§ Stored dataset items

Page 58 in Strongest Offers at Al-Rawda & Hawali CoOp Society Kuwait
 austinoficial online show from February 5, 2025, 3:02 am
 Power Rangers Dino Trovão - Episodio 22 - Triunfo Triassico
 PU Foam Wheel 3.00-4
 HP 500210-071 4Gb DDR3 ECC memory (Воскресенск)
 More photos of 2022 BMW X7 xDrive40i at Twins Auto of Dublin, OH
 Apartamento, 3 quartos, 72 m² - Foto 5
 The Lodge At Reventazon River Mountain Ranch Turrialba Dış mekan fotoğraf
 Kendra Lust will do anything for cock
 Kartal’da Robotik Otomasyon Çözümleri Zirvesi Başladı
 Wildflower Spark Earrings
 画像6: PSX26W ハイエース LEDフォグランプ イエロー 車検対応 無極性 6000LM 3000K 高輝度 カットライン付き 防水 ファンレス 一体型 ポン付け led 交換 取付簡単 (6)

§ WHAT YOU NEED TO DO
Restate each line of the records above without any deviation.

§ TASK OUTPUT
Page 58 in Strongest Offers at Al-Rawda & Hawali CoOp Society Kuwait
 austinoficial online show from February 5, 2025, 3:02 am
 Power Rangers Dino Trovão - Episodio 22 - Triunfo Triassico
 PU Foam Wheel 3.00-4
 HP 500210-071 4Gb DDR3 ECC memory (Воскресенск)
 More photos of 2022 BMW X7 xDrive40i at Twins Auto of Dublin, OH
 Apartamento, 3 quartos, 72 m² - Foto 5
 The Lodge At Reventazon River Mountain Ranch Turrialba Dış mekan fotoğraf
 Kendra Lust will do anything for cock
 Kartal’da Robotik Otomasyon Çözümleri Zirvesi Başladı
 Wildflower Spark Earrings
 画像6: PSX26W ハイエース LEDフォグランプ イエロー 車検対応 無極性 6000LM 3000K 高輝度 カットライン付き 防水 ファンレス 一体型 ポン付け led 交換 取付簡単 (6)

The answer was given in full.